#### Data for the task ####

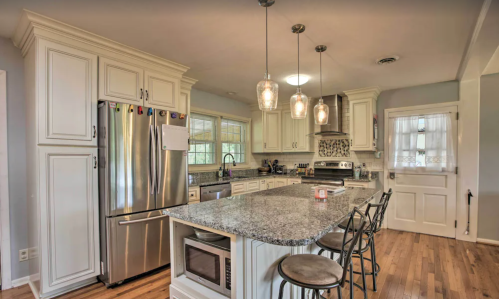 Modern kitchen with stainless steel appliances, granite countertops, and pendant lighting over a spacious island.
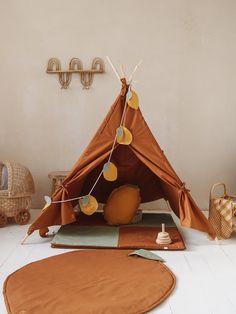 a teepee tent sitting on top of a floor next to a rug and toys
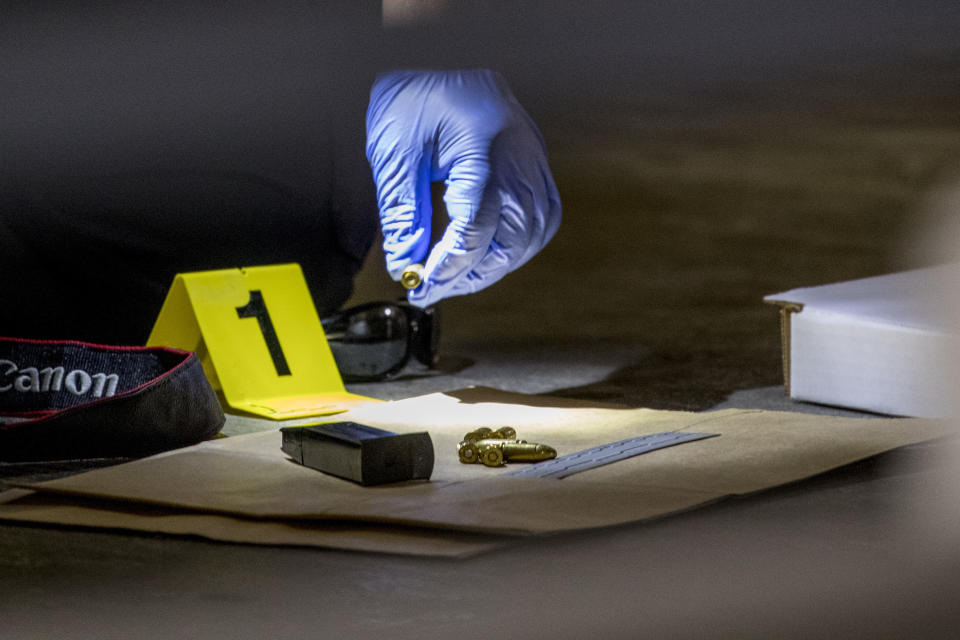 Police officers photograph bullets and a firearm magazine at a crime scene following a shooting at the parking garage for the Fashion Centre at Pentagon City, also known as Pentagon City Mall, Monday, July 1, 2019, in Arlington. (AP Photo/Andrew Harnik)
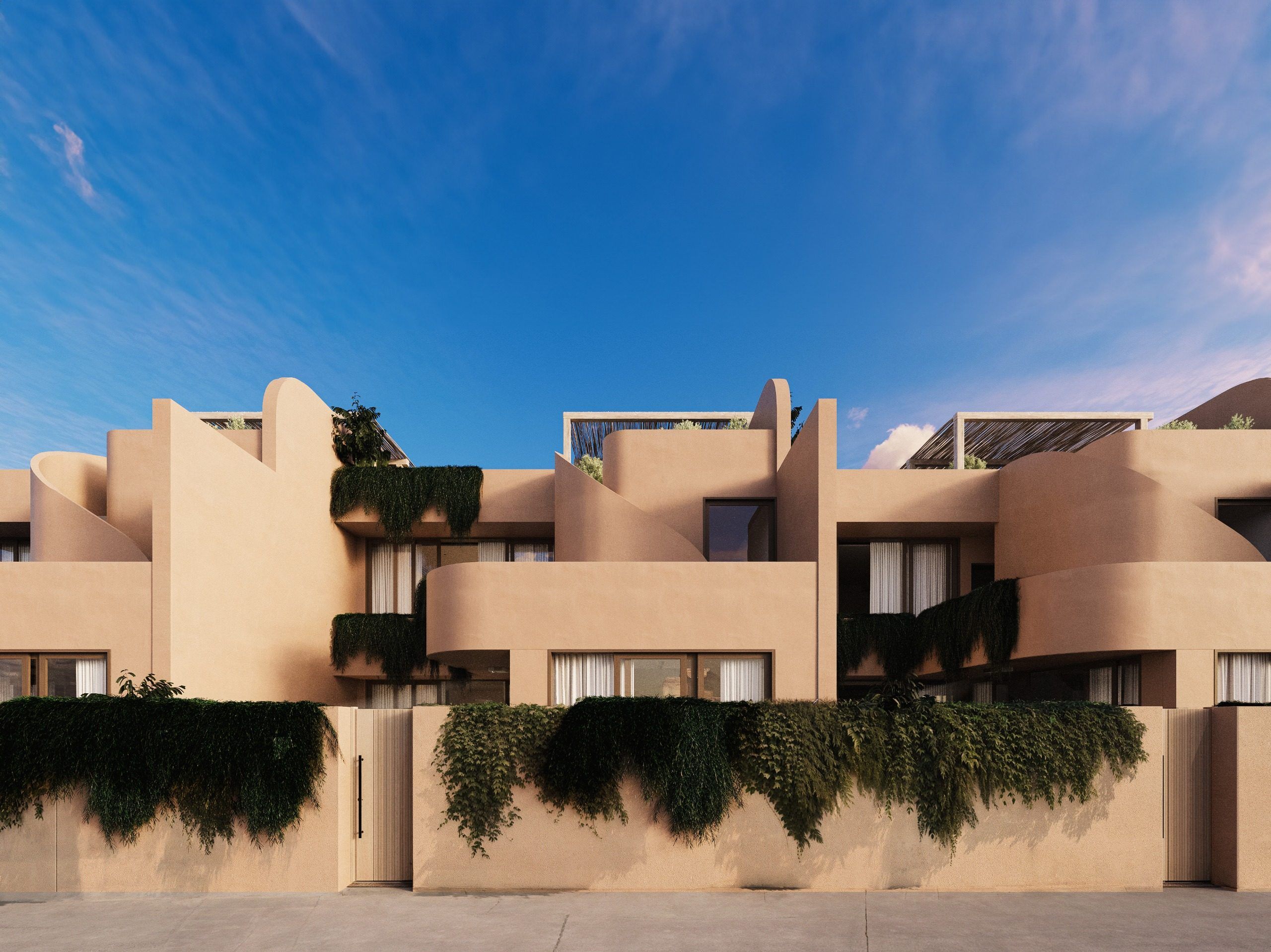 Residential complex facade with sand-colored walls and vertical greenery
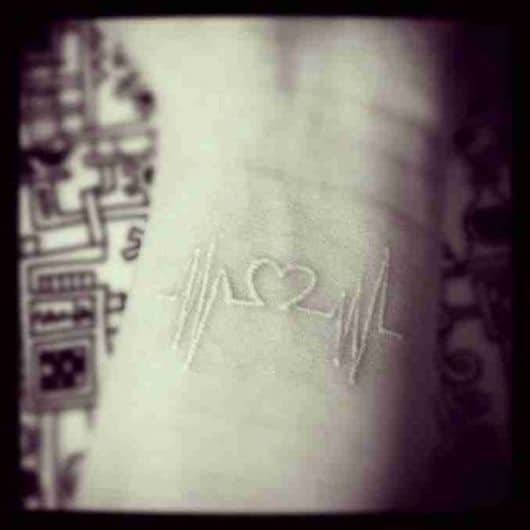 Tatuagem branca de linhas de batimento cardíaco com um coração no centro
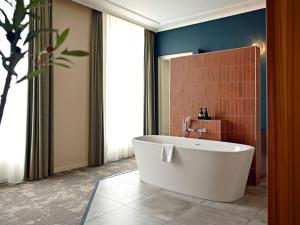a bathroom with a white tub in a room at Fletcher Hotel Paleis Stadhouderlijk Hof in Leeuwarden +75 photos
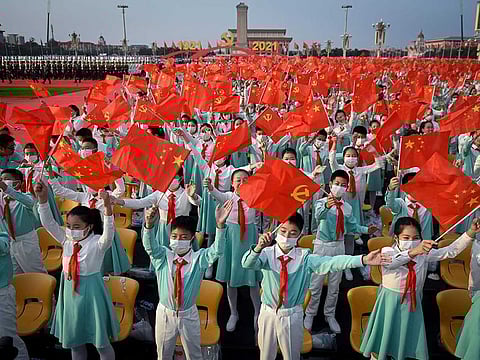 Students wave the Chinese flags before the celebrations marking the 100th anniversary of the founding of the Communist Party of China in Beijing on July 1, 2021.
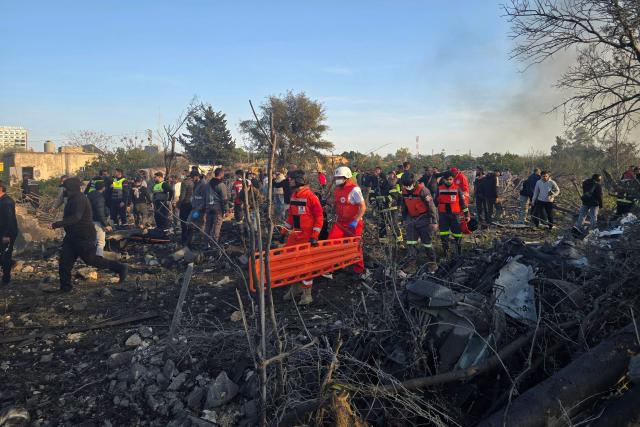 First aid responders rush to the site of an Israeli airstrike that targeted the southern Lebanese city of Tyre on March 6, 2026. Fresh strikes rocked Iran and Lebanon on March 6, as Israel vowed to escalate to a new phase in the Middle East war that has spiralled rapidly throughout the region and beyond. (Photo by KAWNAT HAJU / AFP)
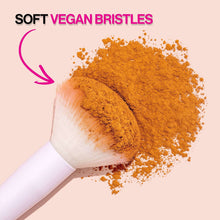 Ultra-plush eyeshadow brush bristles picking up loose brown pigment; white handle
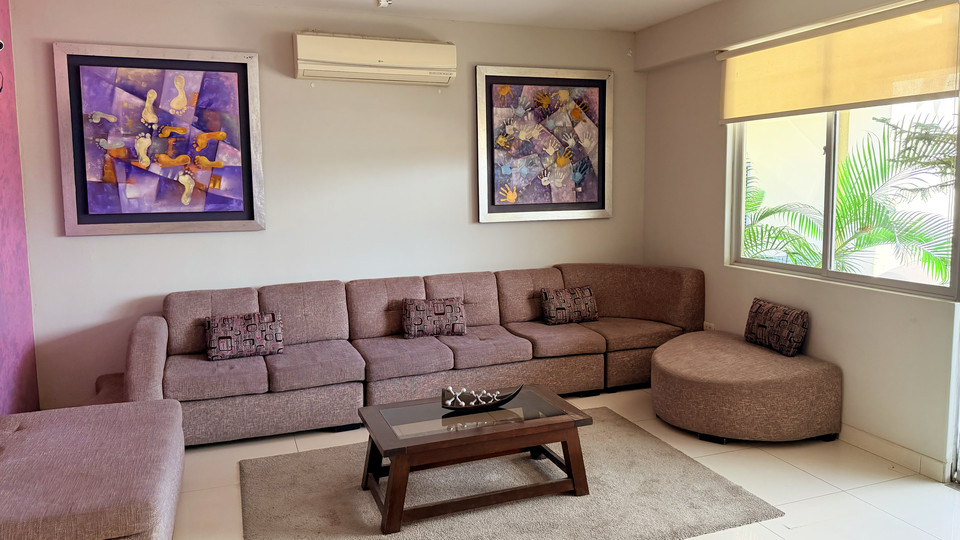 Waiting lounge at the main entrance, with an L-shaped sofa and garden windows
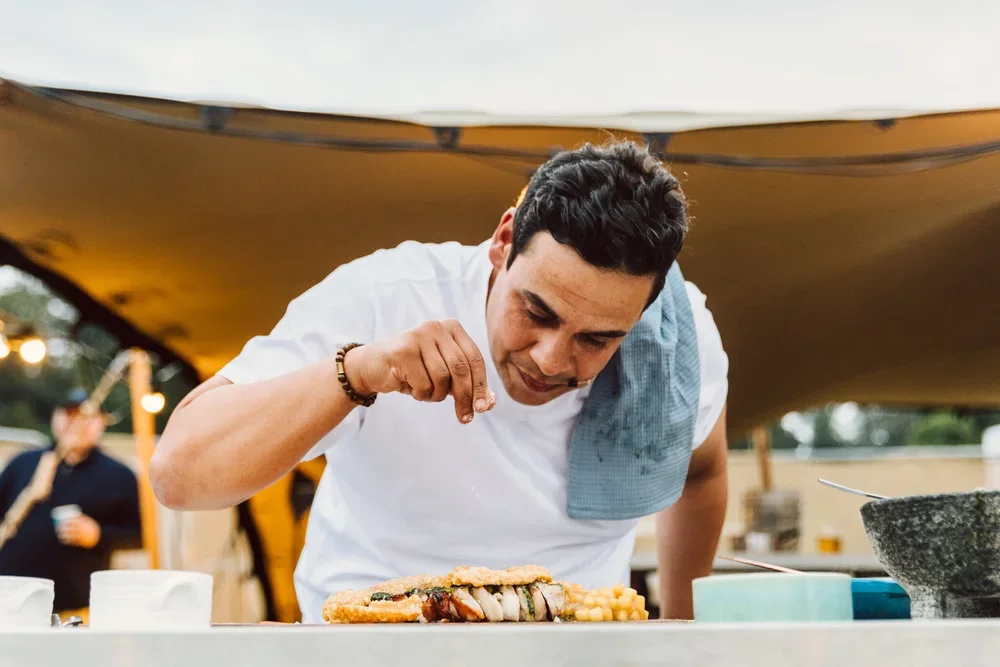 Male chef garnishing a dish at an outdoor event with a tent and blurred background.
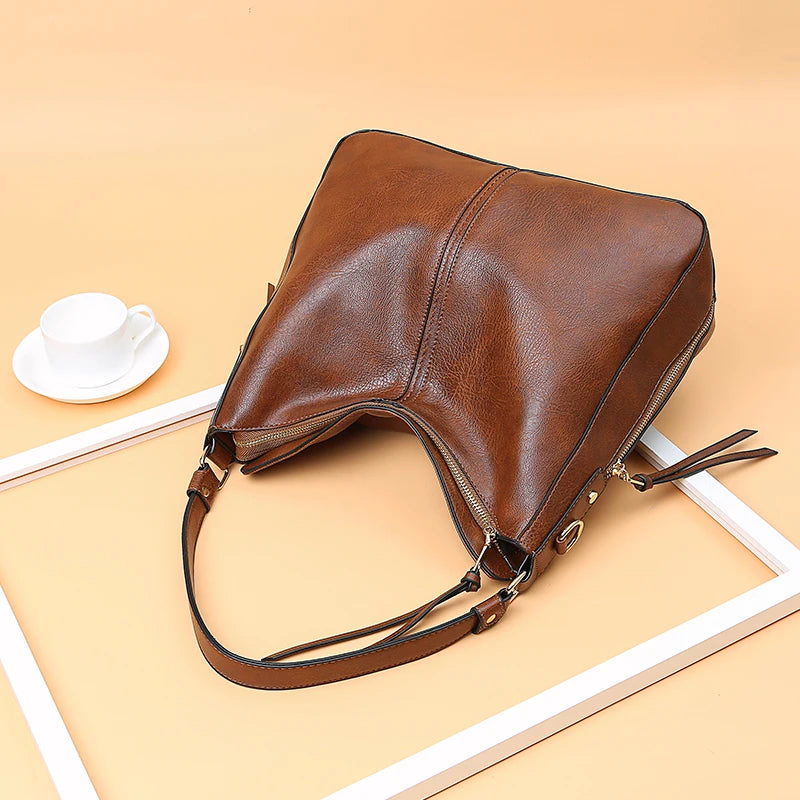 A brown vintage faux leather hobo shoulder bag lying on a light beige surface.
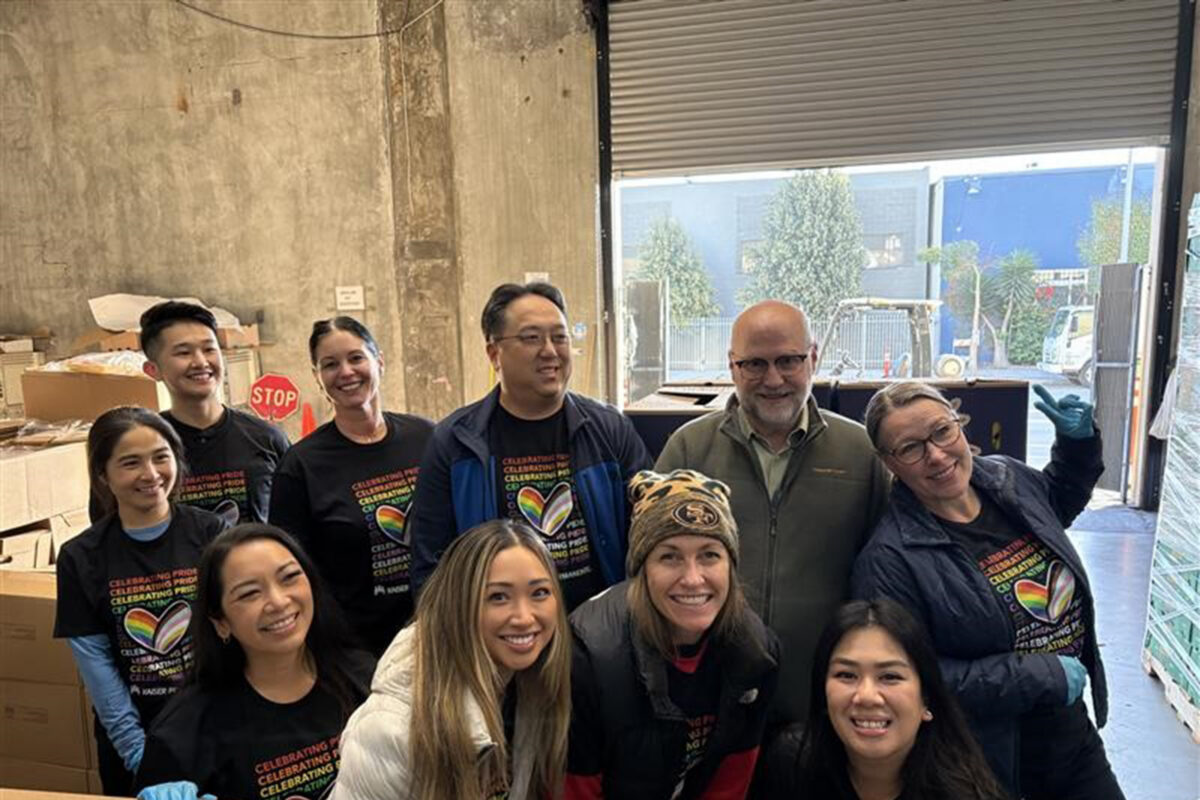 Group photo holding cardboard sign with #of bags, food weight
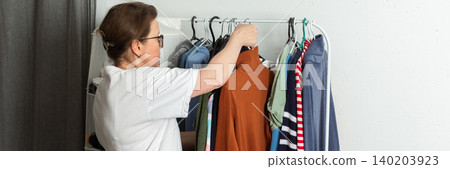 A 52-year-old woman sorts and hangs washed clothes on a hanger inside her home. She is organizing different garments after completing her laundry tasks, banner A 52-year-old woman sorts and hangs washed clothes on a hanger inside her home. She is organizing different garments after completing her laundry tasks, banner 140203923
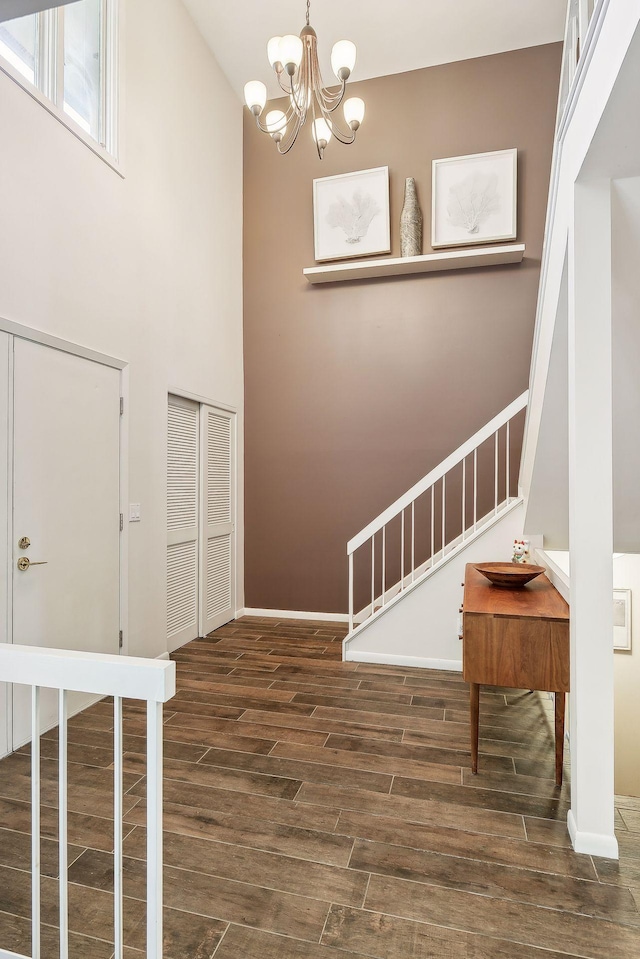 entryway with dark wood-type flooring, high vaulted ceiling, and a chandelier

####

### Task brief
When you reach a picture in the records above, pass over it and transcribe the rest exactly.

### Your response
 Modern kitchen with stainless steel appliances, granite countertops, and pendant lighting over a spacious island.
 a teepee tent sitting on top of a floor next to a rug and toys
 Police officers photograph bullets and a firearm magazine at a crime scene following a shooting at the parking garage for the Fashion Centre at Pentagon City, also known as Pentagon City Mall, Monday, July 1, 2019, in Arlington. (AP Photo/Andrew Harnik)
 Residential complex facade with sand-colored walls and vertical greenery
 Tatuagem branca de linhas de batimento cardíaco com um coração no centro
a bathroom with a white tub in a room at Fletcher Hotel Paleis Stadhouderlijk Hof in Leeuwarden +75 photos
 Students wave the Chinese flags before the celebrations marking the 100th anniversary of the founding of the Communist Party of China in Beijing on July 1, 2021.
 First aid responders rush to the site of an Israeli airstrike that targeted the southern Lebanese city of Tyre on March 6, 2026. Fresh strikes rocked Iran and Lebanon on March 6, as Israel vowed to escalate to a new phase in the Middle East war that has spiralled rapidly throughout the region and beyond. (Photo by KAWNAT HAJU / AFP)
 Ultra-plush eyeshadow brush bristles picking up loose brown pigment; white handle
 Waiting lounge at the main entrance, with an L-shaped sofa and garden windows
 Male chef garnishing a dish at an outdoor event with a tent and blurred background.
 A brown vintage faux leather hobo shoulder bag lying on a light beige surface.
 Group photo holding cardboard sign with #of bags, food weight
 A 52-year-old woman sorts and hangs washed clothes on a hanger inside her home. She is organizing different garments after completing her laundry tasks, banner A 52-year-old woman sorts and hangs washed clothes on a hanger inside her home. She is organizing different garments after completing her laundry tasks, banner 140203923
 entryway with dark wood-type flooring, high vaulted ceiling, and a chandelier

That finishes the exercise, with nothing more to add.